Ещё спрашиваю, в чём её, Олимпиады Васильевны, радость и счастье, и вижу, как за стёклами очков округляются глаза. «Счастье… Слово-то какое…» - пробует его на язык. Не знает. Зато я, уже сидя перед монитором, отмечаю, как в моём блокноте - сквозь чёрные годы воспоминаний о тяжёлой жизни - идёт строка за строкой о семье. «Дети хорошие, сознательные». «Я детьми горжусь». «Это всё мое богатство». «Отдала себя детям, и за это они меня не обижают». «Дети между собой дружные, а большего мне не надо».
Три дочери. Семеро внуков. Семеро правнуков.
- Счастливая я. Во-первых, от фабрики жильё получила бесплатное. Во-вторых, дети хорошие, в-третьих, войны нет, - говорит Олимпиада Васильевна, а под её ладонью ходит стриженый затылок младшей двухлетней правнучки, которая норовит стащить конфеты с чайного стола. «А ну, брысь!» - и девчонка хохочет, и бабушка держит руку слева - там, где сердце…

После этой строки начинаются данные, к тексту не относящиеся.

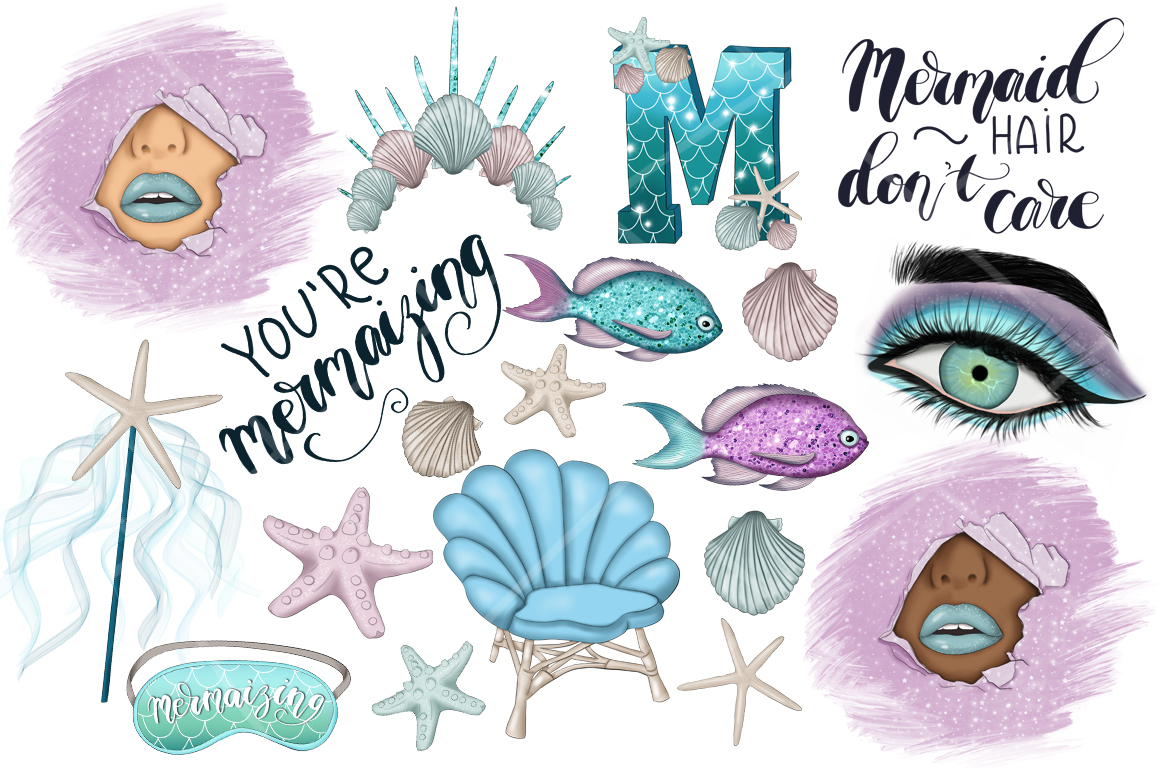 Download Иллюстрация "You're Mermaizing Clipart & Patterns - Illustration" / You're Mermaizing Clipart & Patterns - Illustration - Иллюстрация на тему графика mermaizing clipart patterns design patterned surface nautical turquoise girls stickers planner paper coral reef texture sea jellyfish seashell blue undine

…А сочинская Олимпиада - победы, провалы, медали - всё катит вперёд без оглядки на нашу тверскую бабушку. Может быть, теперь, когда главные победы нашей Олимпиады Васильевны - её дети, внуки, правнуки - соберутся рядом, она и сможет посмотреть другую Олимпиаду, сочинскую. Посмотреть и поболеть. Потому что обе они наши русские Олимпиады - Олимпиада Васильевна, вся жизнь которой - один рекорд, и Олимпиада сочинская, все рекорды которой впереди!